Closed jeff-hykin closed 5 years ago
I'll be working on the grammar today. @matter123 did you seen the new tree sitter extension? https://github.com/microsoft/vscode/issues/50140#issuecomment-493786052
I haven't had a chance to actually use it yet, but it looks pretty nice. I did notice that the syntax highlighting is rough in a few areas.for example parameter highlighting. Do you know if that's a tree sitter issue, a issue with the extension, or a bad theme choice?
@matter123 I'm pretty sure that's just a minor issue with the extension---it's only 3 days old! We need a C++ expert to come tweak the function that traverses the tree-sitter tree and applies colors:
@matter123 So I looked into the Atom one a bit ago, because they're missing a lot of scopes. From what I understand the Tree sitter parses the whole thing and basically has its own tree-scopes, then there is an additional file that maps those scopes to the traditional TextMate names.
So for example, in Atom the lambda is correctly parsed by the tree sitter, but Atom incorrectly marks the ->
it as member-access.
I'm not sure if the C++ tree sitter implementation is currently marking the difference between things like parameter-variables and just normal variable usage.
@matter123
tommorrow I'll look at lots of example files and log all of the scope changes before publishing. I plan on taking a look at the trigraph/digraph support and creating the @std_space. Then I'll start work on the dont_backtrack?

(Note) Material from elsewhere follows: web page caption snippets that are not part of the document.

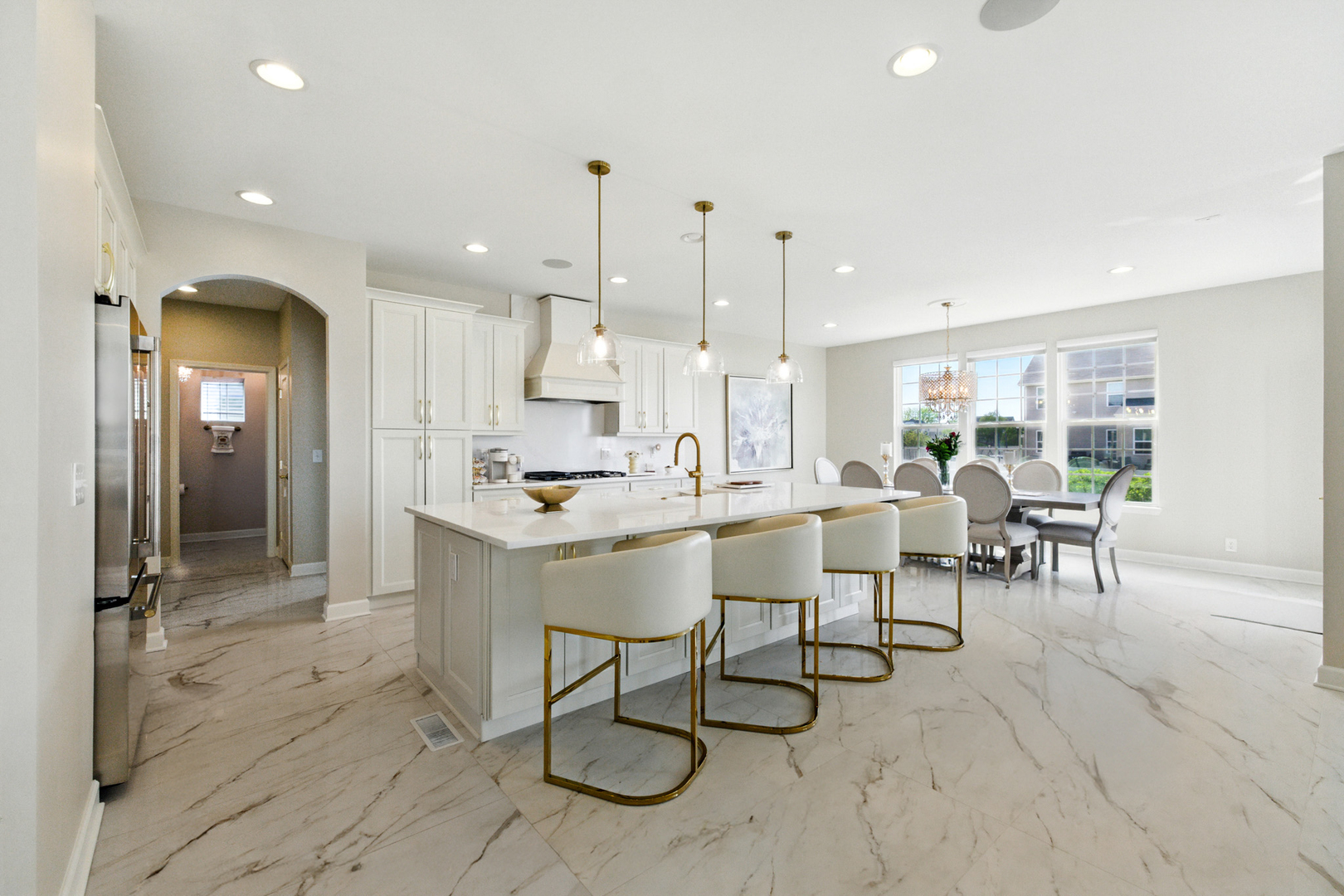 918 Glacial Falls Drive, Gilberts, IL 60136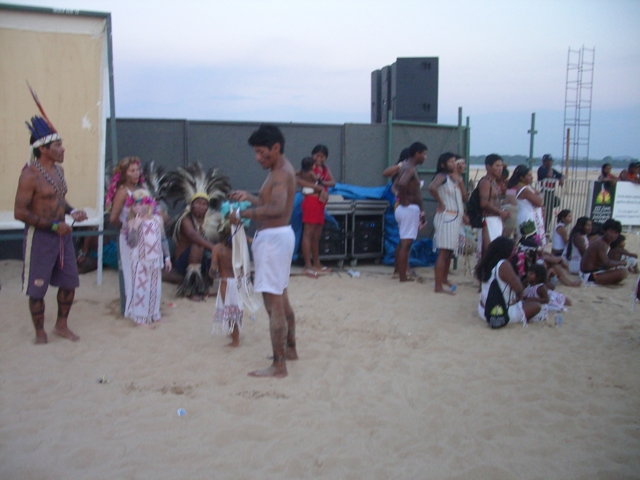 Arena, índios aguardando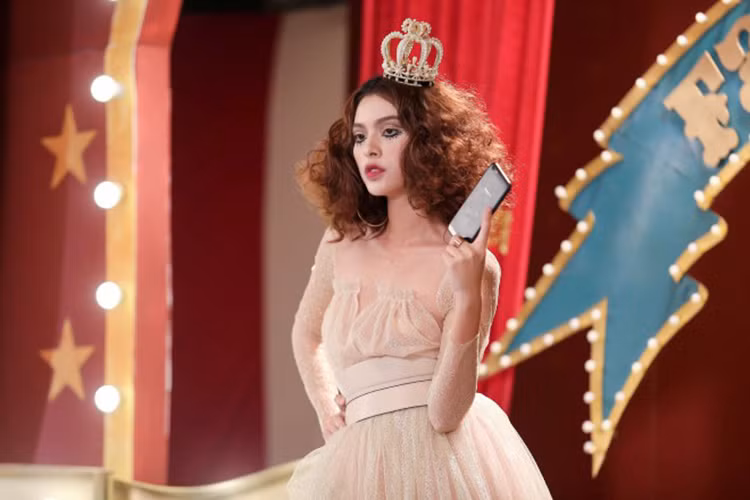 Bước vào tập 9, là thí sinh đầu tiên thực hiện thử thách Chụp hình cùng chủ đề "phép màu selfie kép" nhưng Tú Hảo vẫn rất tự tin. Cô được giám khảo khen giúp nhiếp ảnh gia dễ dàng bắt được góc ảnh đẹp. Ảnh: Thể thao văn hóa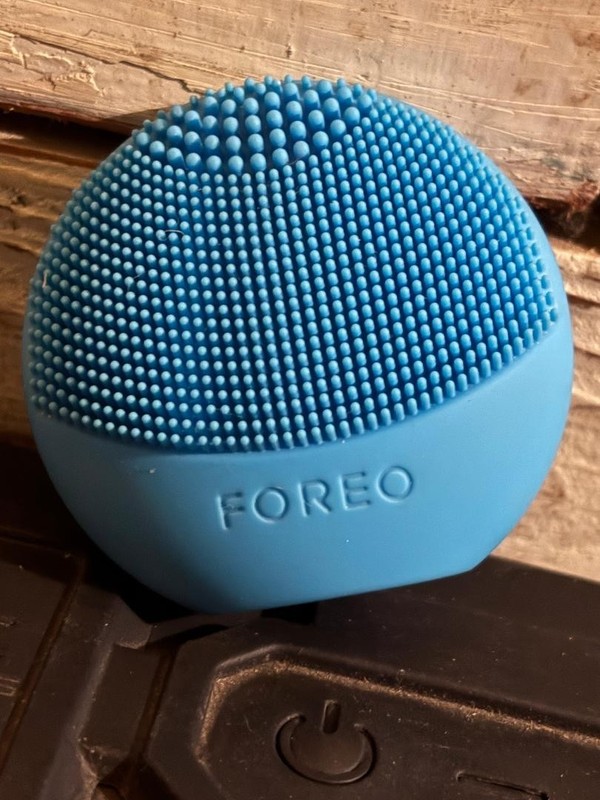 FOREO FACE MASSAGER 2 INCH SIZE LOW PRICE BID NOW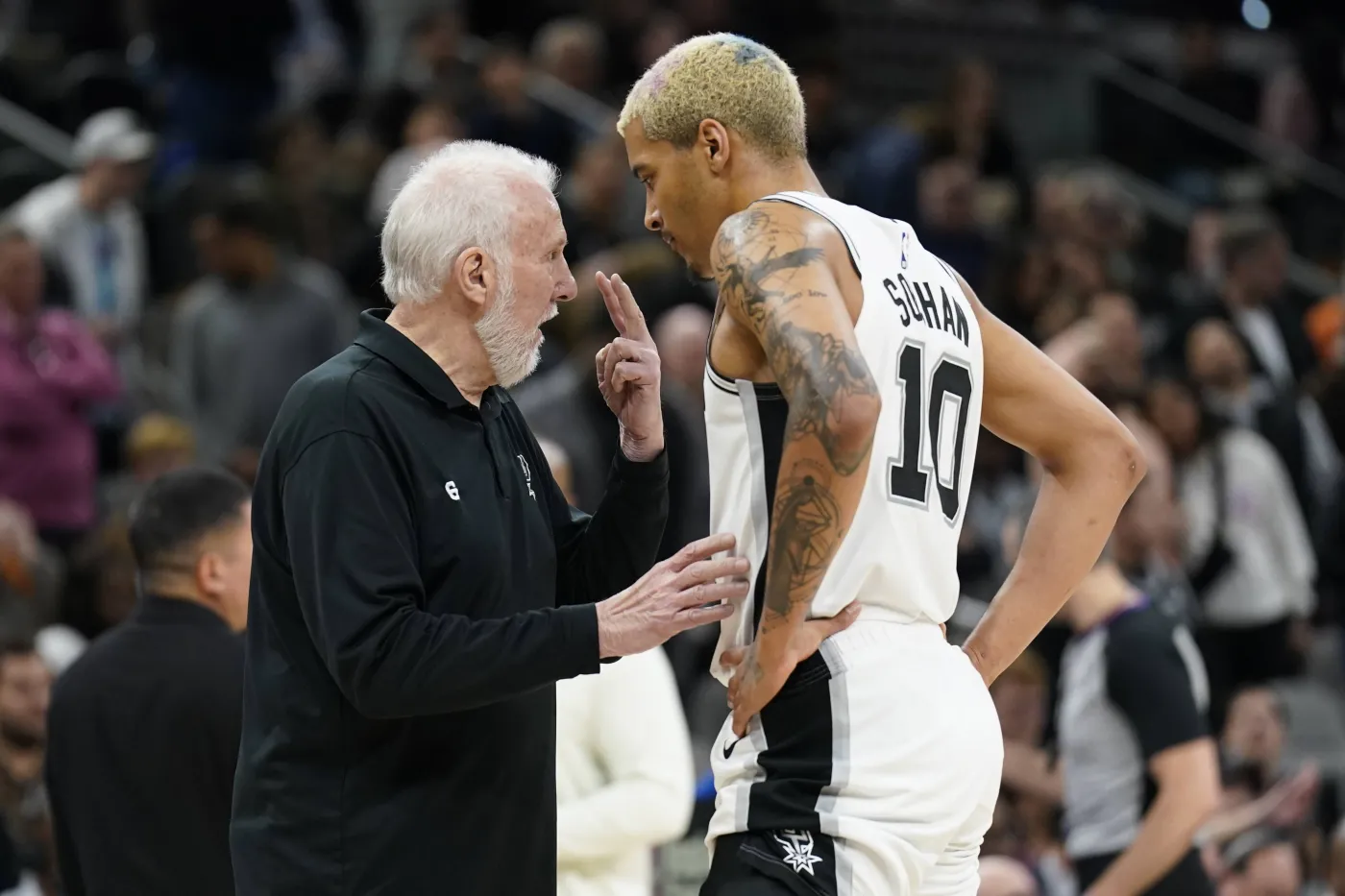 Gregg Popovich i Jeremy Sochan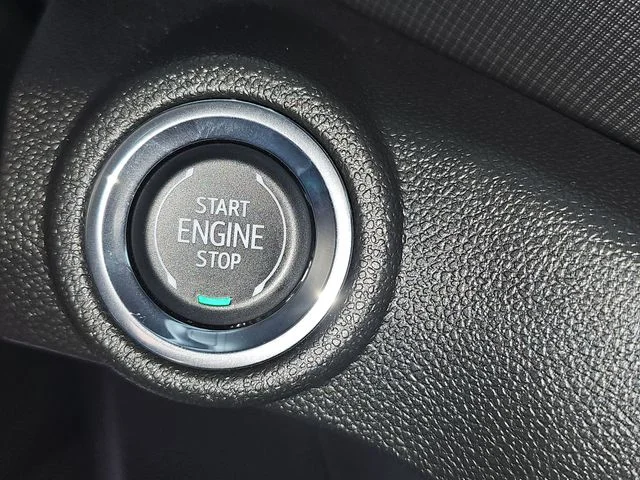Used 2023 Gray Chevrolet ACTIV image 19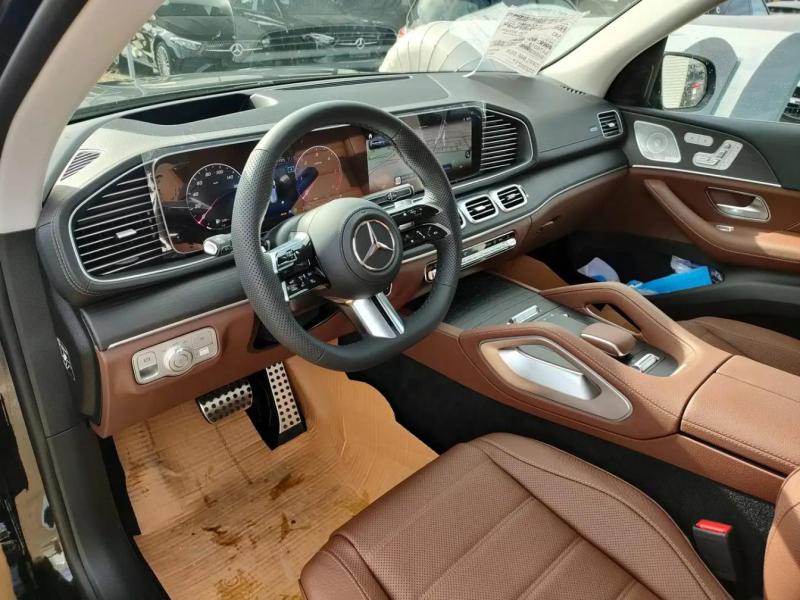 Купить Mercedes-Benz GLS 450D AMG 4Matic дизель 2025 id-1006715 в Киеве, Фото №[delta]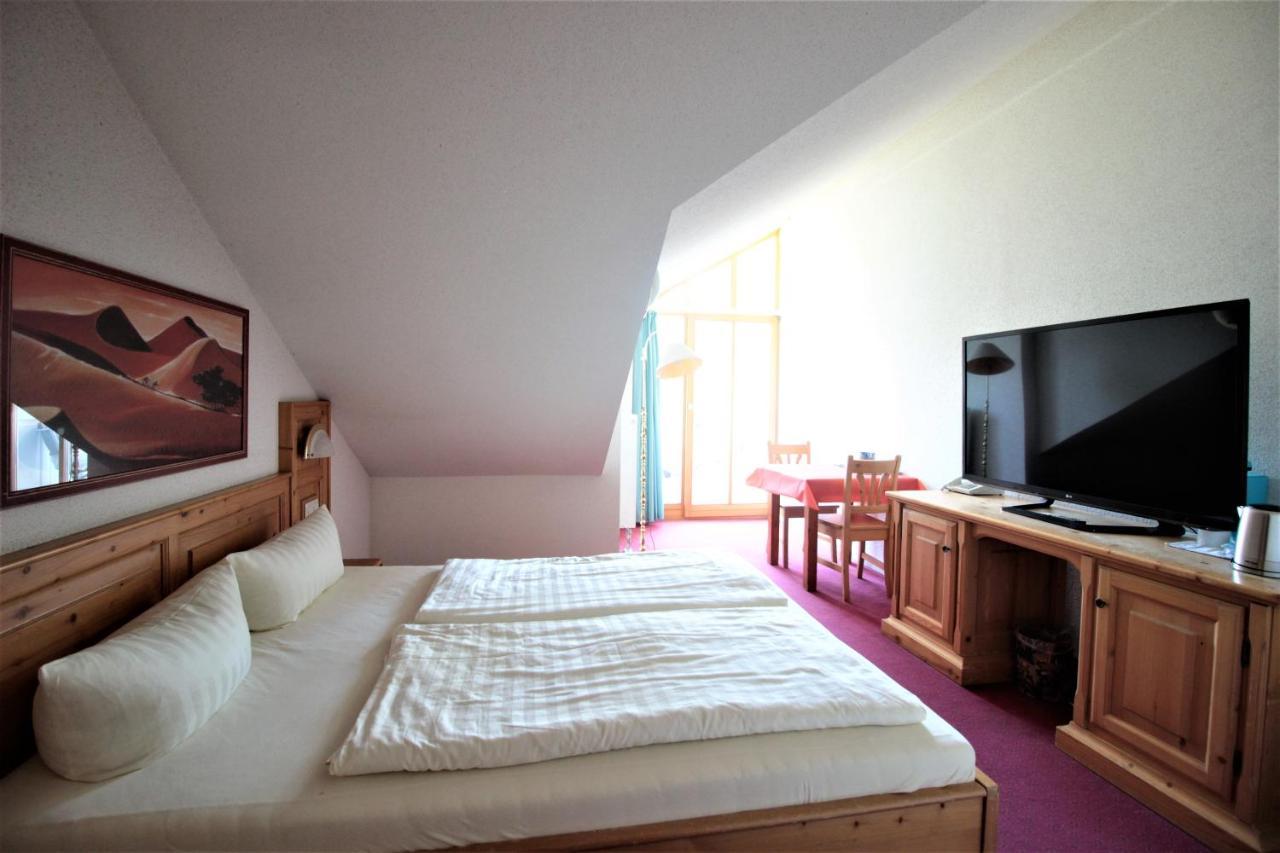 Ruhiges Doppelzimmer im Hotel Ahornhof Lindberg Exterior foto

feature for the textmate tools and look at the add-tag issue.
@jeff-hykin unless your planning on doing some more big changes today. I'm going to work on fixing the tests.
No big changes, I was just going to completely regenerate the tests though since so much has changed.
Yeah, it's taking me about 7 minutes per fixture so at 267 fixtures that comes out to 31 hours. regeneration is probably needed.
I added you to the experimental tree sitter repo @matter123 just so you'd have access if you wanted it. https://github.com/jeff-hykin/experimental-tree-sitter/invitations
@matter123 is there a way to automate the tagging releases?
npm version
creates a tag with the new version, but that is an un-annotated tag (without a list of fixes and additions)
Edit: githubs topic on release automation https://github.com/topics/release-automation
git config push.followTags true
will make the tags produced by npm end up in the releases page. From there they should be able to be promoted to an annotated release.
Not sure what happened but your tagged version was from 184 commits ago
sigh haha. How you you make the tags? I just used the "new draft" button on the tags page
Although I did it after running npm version
and git config push.followTags true
so that might have something to do with it
Pressing new draft is all I do. Was the branch you were on happen to be behind?
Oh I know what happened. You release 1.9 with the new enum pattern then reverted.
@matter123 I generated the spec files for Objective C/C++ but for some reason all of them are missing the source
tag. Any ideas why that is?
source
is always the bottom of every single token, so the spec generator/tester just assumes that it's there and the spec files don't need it. Is something breaking?
The tests just fail because of the source
scope
huh, let me take a look.
So the issue is that there are more scopes popped off in scopeEnd than are pushed on in scopeBegin lines like:
attempted to pop meta.interface-or-protocol off scope stack, top of stack is storage.type
attempted to pop storage.type off scope stack, top of stack is source
attempted to pop meta.interface-or-protocol off scope stack, top of stack is undefined
show the problem.
source
is added in by the textmate parser https://github.com/microsoft/vscode-textmate/blob/master/src/grammar.ts#L442 this shouldn't be needed and produces duplicatesource.cpp
The reason I added a manual one is so that it exists even inside of other languages, like markdown. (I'll explain my thinking more by the end of the day)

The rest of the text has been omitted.